Scan the records below for the line with "Pelatih PSMS Medan, Nil Maizar." and the line with "White V Neck". Repeat those two lines and every line between them exactly, and nothing else.

──────── PROVIDED DATA

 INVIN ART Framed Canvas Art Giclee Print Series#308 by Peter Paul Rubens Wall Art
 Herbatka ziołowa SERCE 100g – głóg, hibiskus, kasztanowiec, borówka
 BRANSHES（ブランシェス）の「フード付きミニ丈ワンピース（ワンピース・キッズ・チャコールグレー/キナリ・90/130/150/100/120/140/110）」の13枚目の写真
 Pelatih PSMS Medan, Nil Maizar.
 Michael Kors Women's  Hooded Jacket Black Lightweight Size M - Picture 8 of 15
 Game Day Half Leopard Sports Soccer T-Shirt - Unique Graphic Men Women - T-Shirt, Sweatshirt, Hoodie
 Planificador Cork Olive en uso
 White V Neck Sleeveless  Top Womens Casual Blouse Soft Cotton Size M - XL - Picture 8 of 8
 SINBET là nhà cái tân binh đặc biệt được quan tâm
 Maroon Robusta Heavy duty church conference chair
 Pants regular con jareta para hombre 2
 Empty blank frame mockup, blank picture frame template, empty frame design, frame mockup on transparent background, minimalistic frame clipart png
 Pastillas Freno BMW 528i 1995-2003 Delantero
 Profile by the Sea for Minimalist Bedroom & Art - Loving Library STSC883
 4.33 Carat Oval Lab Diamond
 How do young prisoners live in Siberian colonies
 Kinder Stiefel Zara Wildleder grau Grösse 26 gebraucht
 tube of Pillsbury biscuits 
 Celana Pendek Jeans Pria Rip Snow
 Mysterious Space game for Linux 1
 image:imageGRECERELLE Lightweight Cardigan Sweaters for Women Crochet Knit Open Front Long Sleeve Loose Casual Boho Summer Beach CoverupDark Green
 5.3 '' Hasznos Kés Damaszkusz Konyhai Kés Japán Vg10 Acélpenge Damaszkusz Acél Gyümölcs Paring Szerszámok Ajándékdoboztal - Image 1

────────────────

FINISHED EXERCISE:
 Pelatih PSMS Medan, Nil Maizar.
 Michael Kors Women's  Hooded Jacket Black Lightweight Size M - Picture 8 of 15
 Game Day Half Leopard Sports Soccer T-Shirt - Unique Graphic Men Women - T-Shirt, Sweatshirt, Hoodie
 Planificador Cork Olive en uso
 White V Neck Sleeveless  Top Womens Casual Blouse Soft Cotton Size M - XL - Picture 8 of 8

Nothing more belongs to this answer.